Rising gas prices are straining American budgets beyond the pump. For many families, beef is the latest casualty.

According to the U.S. Bureau of Labor Statistics data, the average price of ground beef has climbed from about $2.46 per pound in 2006 to about $6.68 per pound in 2026.

A major driver of the rising price of beef is a historic cattle supply shortage.

According to a summary report released by the U.S. Department of Agriculture, as of Jan. 1, 2026, the U.S. is seeing the smallest herd of cattle in 75 years.  

The report states that all cattle and calves totaled around 86 million, down 0.3% from 2025. The start of 2025 saw the smallest herd since 1951.

This shortage is leading to fewer calves entering feedlots, which keeps beef supply tight and pushes prices higher.

Drought is another reason for higher prices. 

Amanda Grev, the forage and pasture specialist at the University of Maryland’s Western Maryland Research & Education Center, said that a “drought decrease[s] the amount of growth in pasture.” 

When there is not a large amount of grass, there is a decrease in the amount of grazing.

“In very severe conditions, it can start to cause enough stress on the plants that they will stop growing at all,” Grev said.

This also affects ranchers. 

“Producers may have to sell off some animals so they have less to feed or they will have to spend more money paying to bring forage from other places onto their farm,” she said.

While consumers are still buying beef, analysis from the U.S. Bureau of Labor Statistics suggests the market is gradually shifting as prices push shoppers toward cheaper protein options, such as chicken. 

According to BLS, chicken prices were $1.05 per pound in 2006 and rose to $2.05 per pound in 2026.  Chicken prices increased roughly 98 cents per pound, a much smaller jump than beef.

USDA’s Economic Research Service projected beef and veal prices will continue rising.
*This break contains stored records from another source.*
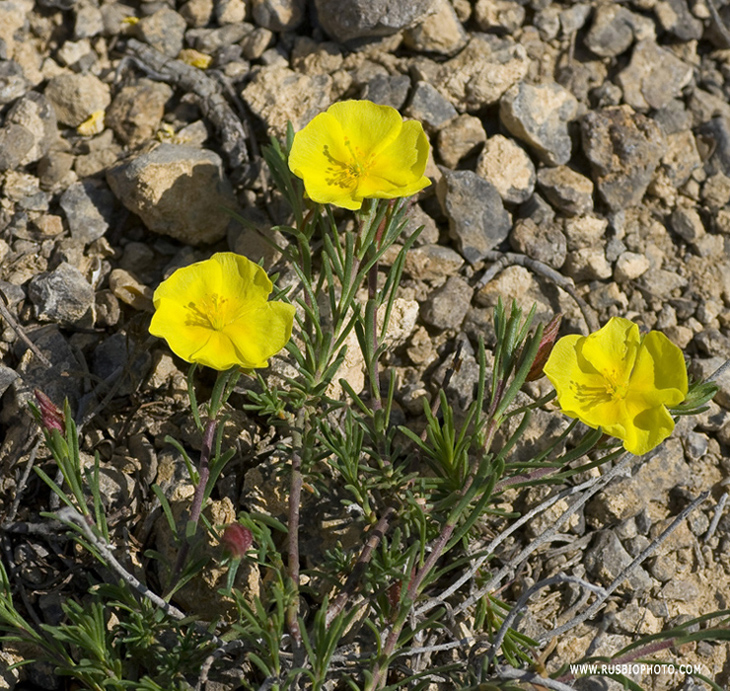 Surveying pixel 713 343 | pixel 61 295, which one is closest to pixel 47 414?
pixel 61 295

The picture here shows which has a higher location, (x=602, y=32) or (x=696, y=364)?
(x=602, y=32)

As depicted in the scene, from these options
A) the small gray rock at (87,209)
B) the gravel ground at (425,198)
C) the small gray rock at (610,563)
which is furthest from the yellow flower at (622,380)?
the small gray rock at (87,209)

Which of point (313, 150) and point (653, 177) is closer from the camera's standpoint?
point (313, 150)

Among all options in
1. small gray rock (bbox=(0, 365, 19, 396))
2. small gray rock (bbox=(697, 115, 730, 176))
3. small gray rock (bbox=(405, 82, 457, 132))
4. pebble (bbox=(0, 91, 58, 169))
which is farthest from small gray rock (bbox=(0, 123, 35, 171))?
small gray rock (bbox=(697, 115, 730, 176))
In its Food Price Outlook, the USDA  stated “beef and veal prices are predicted to increase  6.3% in 2026?.

This suggests Americans are likely to continue facing pressure at the grocery store, with affordable beef straining the pockets of consumers in the near term.

As domestic beef production slows, the United States has leaned more heavily on imports.

Brazil leads the way for imports of meat in the U.S. Australia and New Zealand have also increased shipments, helping fill the gap as domestic cattle numbers fall.

While imports have risen, exports have declined.

The shortage has made American beef more expensive abroad, leading to reduced demand from key international markets. USDA data shows total U.S. beef exports fell in early 2025.

With beef prices climbing, shoppers are increasingly looking for lower-cost proteins.

According to the USDA’s Economic Research Service, poultry prices rose just 1.5%  year-over-year as of March 2026, compared to beef and veal prices that rose 12.1% higher over that same period.

Tyson Foods, the top seller and largest meat processor of beef and chicken in the U.S reported that beef is expected to have an operating loss of $350 to $500 million in fiscal 2026. 

The company’s chicken segment is expected to be profitable in fiscal 2026, with its operating income projected to rise from $1.9 billion to $2.05 billion during the fiscal year.

Beef still remains a staple of the American diet, but at nearly $6.68 a pound this suggests it may become more of a luxury item than an everyday purchase for some households.